[Stored items]
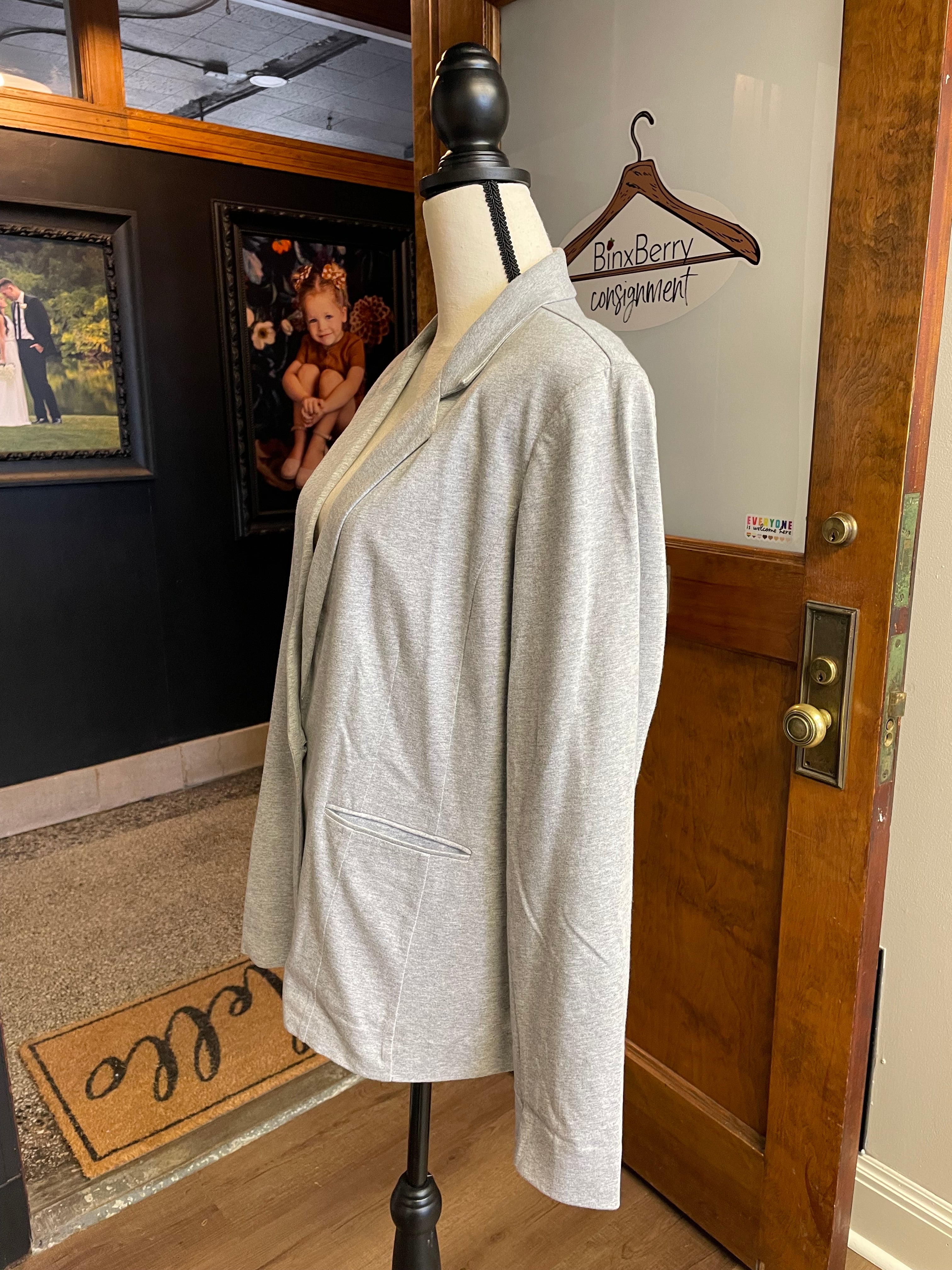 Ellen Tracy Company Women's Blazer (XL)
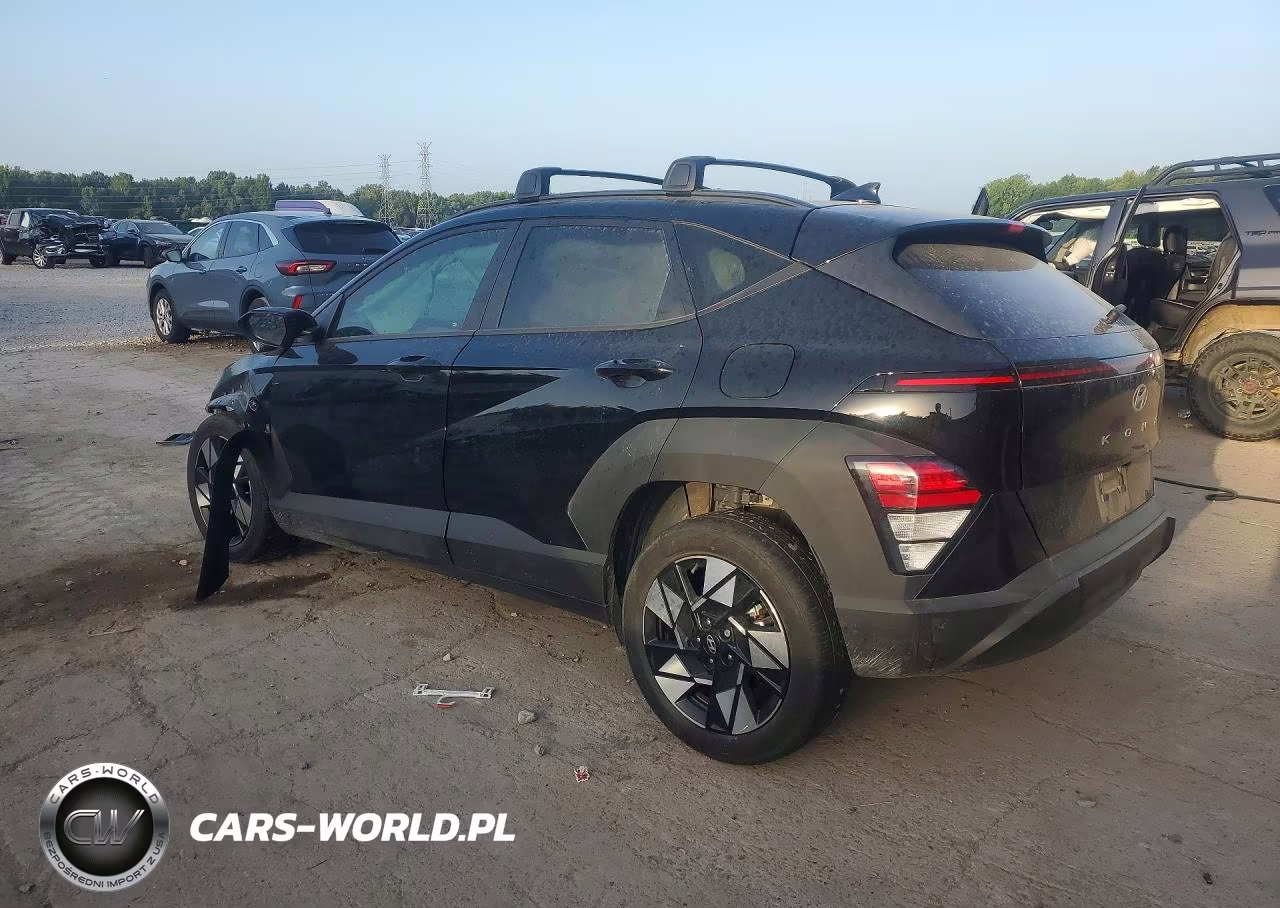2025 Hyundai Kona Sel VIN:KM8HB3AB4SU246717 - 2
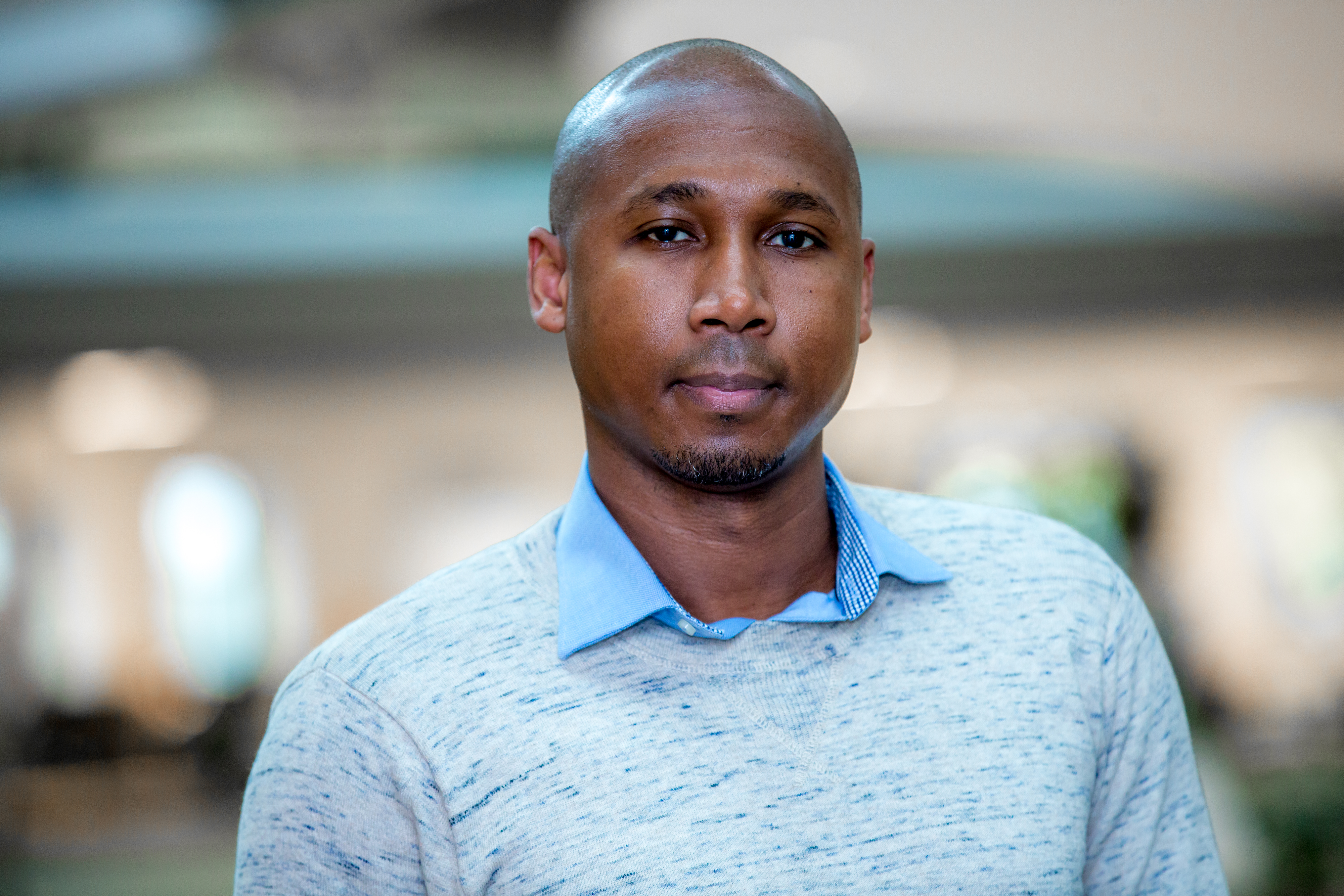 Portrait of Robertino Blagrove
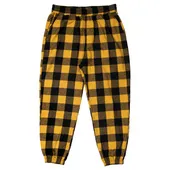 Burnside Unisex Flannel Jogger B8810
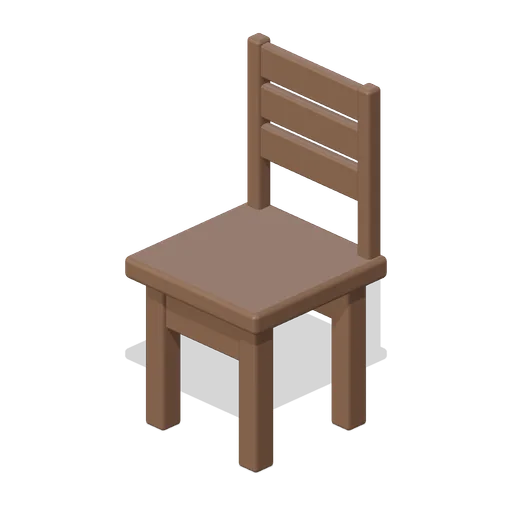 Dining chair (Paranormal Investigation House)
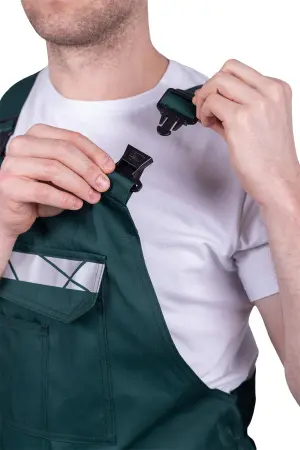 Полукомбинезон СТРОНГ (т.зеленый)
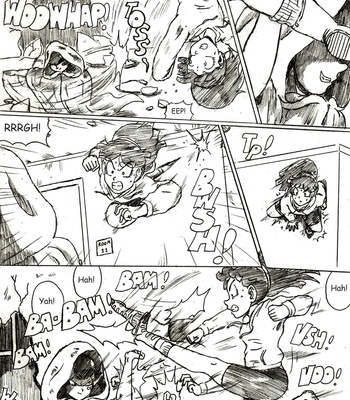 Dragon Ball Z Golden Age 11 – Family Business comic porn sex 61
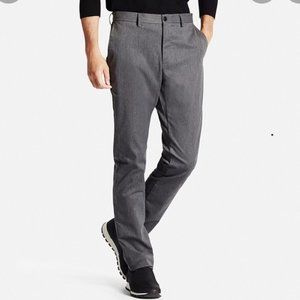 Uniqlo grey chino pants 36x34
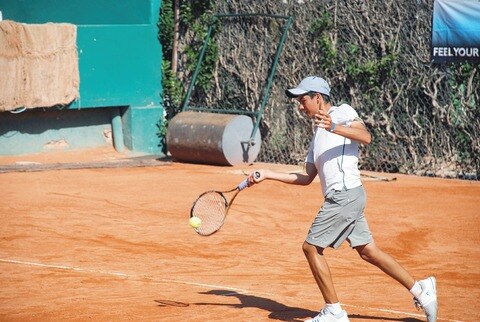 Todo listo para Estatal de Tenis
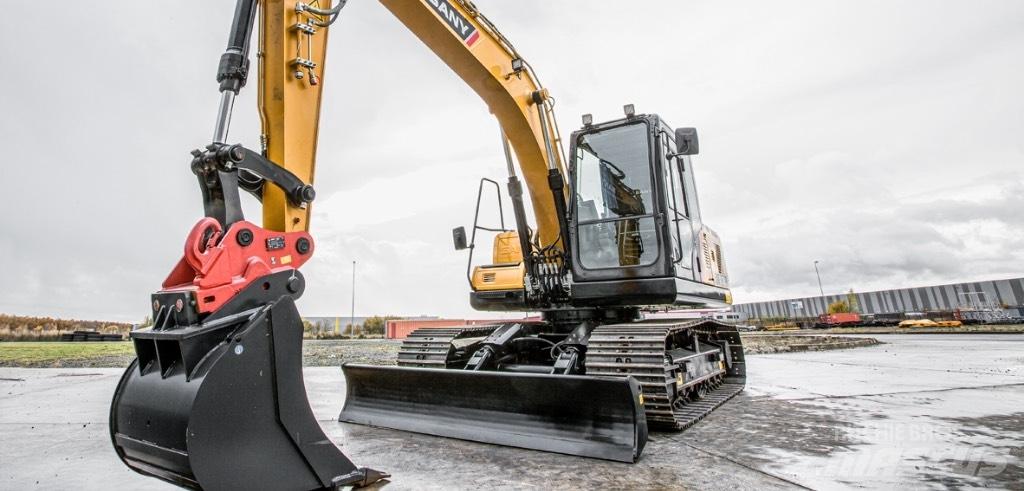 Sany SY135C Верижен екскаватор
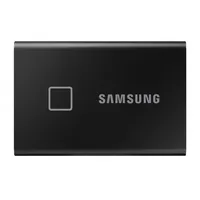 Samsung Ssd Portable T7 Touch 2Tb Black Mu-Pc2T0K/Ww
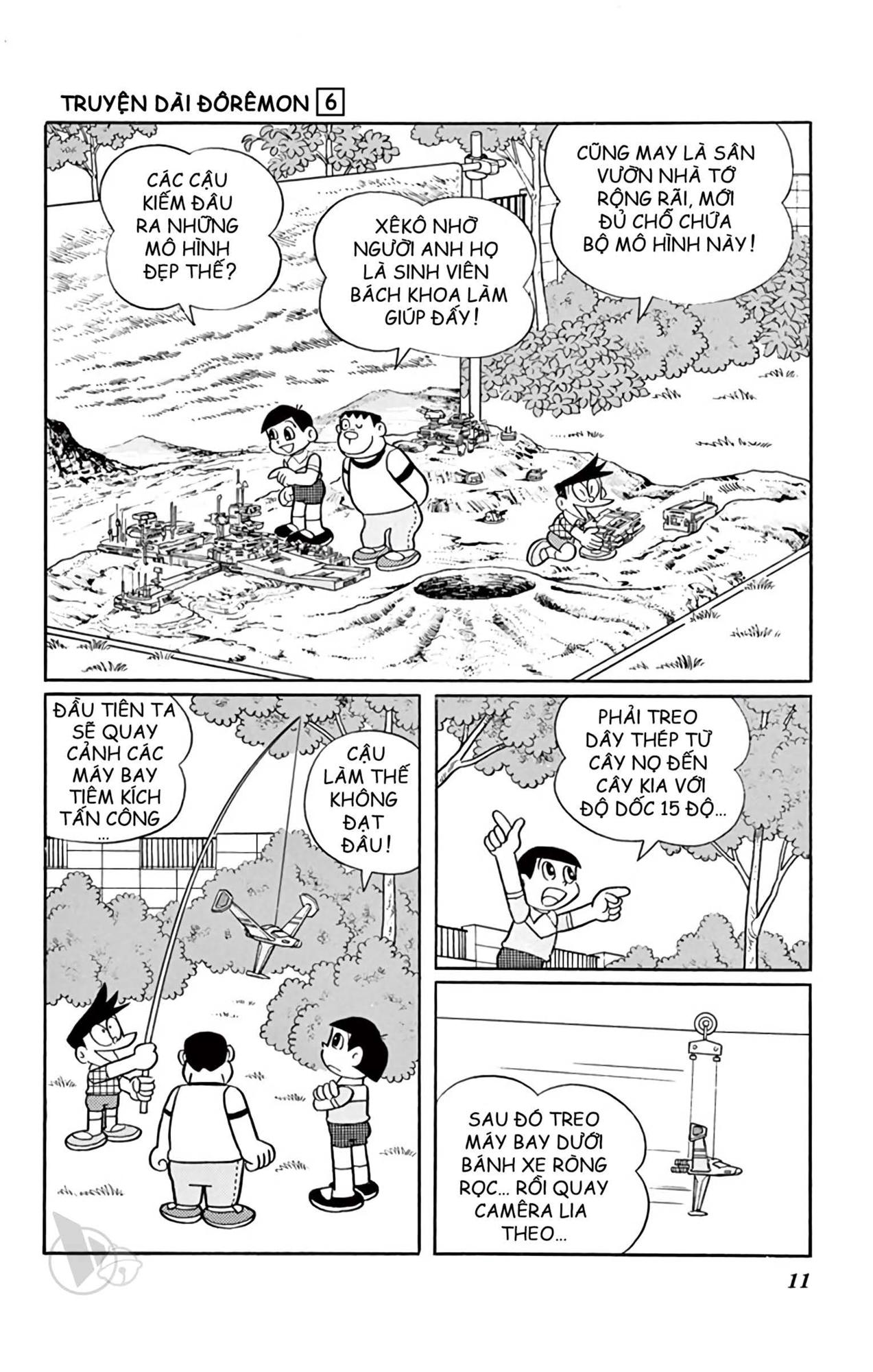 Doraemon Dài Chapter 6 - Trang 2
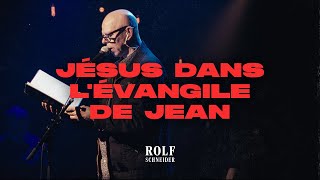 Jésus dans lévangile de Jean – Rolf Schneider Live [upl. by Adorl]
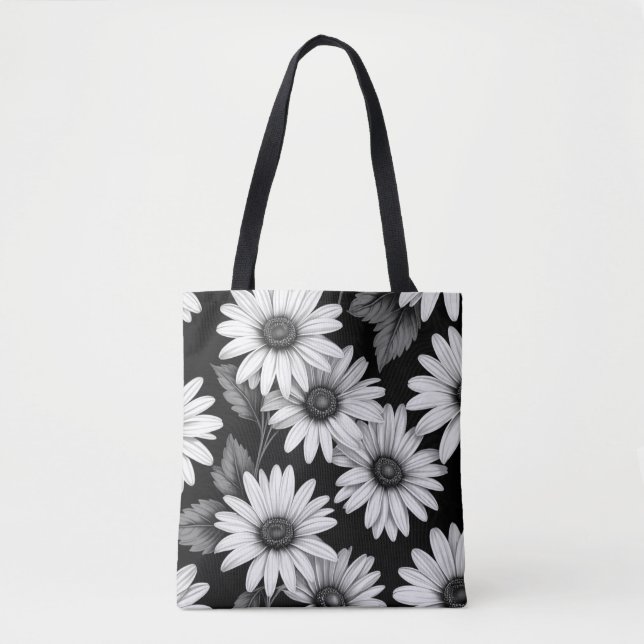 Tote Bag Marguerites de rêve (Devant)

ACTIVITY :: Print every entry exactly; omit the pictures.

EXERCISE ANSWER ::
 Ellen Tracy Company Women's Blazer (XL)
2025 Hyundai Kona Sel VIN:KM8HB3AB4SU246717 - 2
 Portrait of Robertino Blagrove
 Burnside Unisex Flannel Jogger B8810
 Dining chair (Paranormal Investigation House)
 Полукомбинезон СТРОНГ (т.зеленый)
 Dragon Ball Z Golden Age 11 – Family Business comic porn sex 61
 Uniqlo grey chino pants 36x34
 Todo listo para Estatal de Tenis
 Sany SY135C Верижен екскаватор
 Samsung Ssd Portable T7 Touch 2Tb Black Mu-Pc2T0K/Ww
 Doraemon Dài Chapter 6 - Trang 2
 Jésus dans lévangile de Jean – Rolf Schneider Live [upl. by Adorl]
 Tote Bag Marguerites de rêve (Devant)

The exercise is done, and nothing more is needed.